IS: Do you think the yoga helps? 5: You mean vocally?
IS: Yeah.
S: You know, I've done yoga for 12 years and I think it's increased my lung capacity; I can sing long notes for long periods of time better than I ever could, so maybe it's a function of that. [laughs] I never thought of it, actually.
IS: Let's talk about some of the songs on this new record, such as "Forget About the Future," which has a great, nostalgic Big Band-radio ending.
S: Right. A lot of us, including me, get trapped in the past.. We simply can't get out of the loop that your grandpappy insulted mine, or this land is mine and not yours, or you're worshiping the wrong god, or God looks like me and not you. I'm trying to be ironic and say, "Maybe this isn't the way.
IS: I know you read a lot, and in this record you bury these little references to literature and poetry in your lyrics. It's fun to hear those classic English verses recontextualized in your writing, which, for example, is what happens on the song "Beautiful Smile."

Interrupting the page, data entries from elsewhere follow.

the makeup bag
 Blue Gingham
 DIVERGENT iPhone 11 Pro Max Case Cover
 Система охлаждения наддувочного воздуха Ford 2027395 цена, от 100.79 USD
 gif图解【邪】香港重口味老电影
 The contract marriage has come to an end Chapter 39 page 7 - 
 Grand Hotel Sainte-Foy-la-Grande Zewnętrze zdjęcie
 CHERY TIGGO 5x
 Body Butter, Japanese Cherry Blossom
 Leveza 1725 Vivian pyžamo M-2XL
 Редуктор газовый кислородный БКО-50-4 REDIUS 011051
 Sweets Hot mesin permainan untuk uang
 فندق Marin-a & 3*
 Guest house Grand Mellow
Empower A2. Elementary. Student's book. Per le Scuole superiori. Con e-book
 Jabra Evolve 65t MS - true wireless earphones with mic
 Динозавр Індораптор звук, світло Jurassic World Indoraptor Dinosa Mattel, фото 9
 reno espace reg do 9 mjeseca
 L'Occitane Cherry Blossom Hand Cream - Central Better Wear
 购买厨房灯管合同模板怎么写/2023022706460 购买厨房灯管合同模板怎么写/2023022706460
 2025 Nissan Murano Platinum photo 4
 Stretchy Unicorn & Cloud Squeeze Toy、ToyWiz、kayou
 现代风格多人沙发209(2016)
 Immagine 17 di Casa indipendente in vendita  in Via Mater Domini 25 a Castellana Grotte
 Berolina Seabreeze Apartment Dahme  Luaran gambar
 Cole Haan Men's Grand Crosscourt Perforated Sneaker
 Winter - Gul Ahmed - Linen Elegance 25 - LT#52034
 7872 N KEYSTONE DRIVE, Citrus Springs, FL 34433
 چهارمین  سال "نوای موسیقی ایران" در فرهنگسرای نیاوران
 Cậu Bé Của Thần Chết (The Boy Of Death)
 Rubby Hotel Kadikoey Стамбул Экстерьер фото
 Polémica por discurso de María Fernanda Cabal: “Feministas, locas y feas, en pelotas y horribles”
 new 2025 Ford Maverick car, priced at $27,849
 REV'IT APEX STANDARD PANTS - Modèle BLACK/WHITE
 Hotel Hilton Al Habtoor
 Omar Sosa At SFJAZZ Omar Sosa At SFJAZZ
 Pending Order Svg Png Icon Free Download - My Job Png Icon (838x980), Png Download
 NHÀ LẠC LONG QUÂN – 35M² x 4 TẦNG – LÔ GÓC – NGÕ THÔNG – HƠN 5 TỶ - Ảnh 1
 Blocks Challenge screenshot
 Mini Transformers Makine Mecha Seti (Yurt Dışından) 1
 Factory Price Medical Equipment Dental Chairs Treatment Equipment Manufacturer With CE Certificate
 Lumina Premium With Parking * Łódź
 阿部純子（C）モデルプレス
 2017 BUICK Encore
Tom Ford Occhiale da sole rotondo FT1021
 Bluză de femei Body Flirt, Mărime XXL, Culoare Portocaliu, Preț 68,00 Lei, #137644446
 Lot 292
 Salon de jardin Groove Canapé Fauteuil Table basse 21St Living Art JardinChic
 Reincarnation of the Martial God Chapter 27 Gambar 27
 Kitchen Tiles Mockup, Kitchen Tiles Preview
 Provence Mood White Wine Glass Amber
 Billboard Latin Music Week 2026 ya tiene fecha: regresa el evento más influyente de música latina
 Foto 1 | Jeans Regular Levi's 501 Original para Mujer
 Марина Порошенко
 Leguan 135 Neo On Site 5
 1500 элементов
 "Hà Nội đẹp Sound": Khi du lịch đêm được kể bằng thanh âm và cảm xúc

S: I love to look at those poems and see if I can pluck something and put it in a different context and bring it to life for myself and maybe for somebody who's never heard it before. With that song I remember I was sitting in my house thinking, What is this song about? I took this book of Shakespeare sonnets off the shelf and opened it at random and there was this sonnet--I think it's number 18 ["Shall I compare thee to a summer's day'?"I--and I started to sing it, and it seemed to work.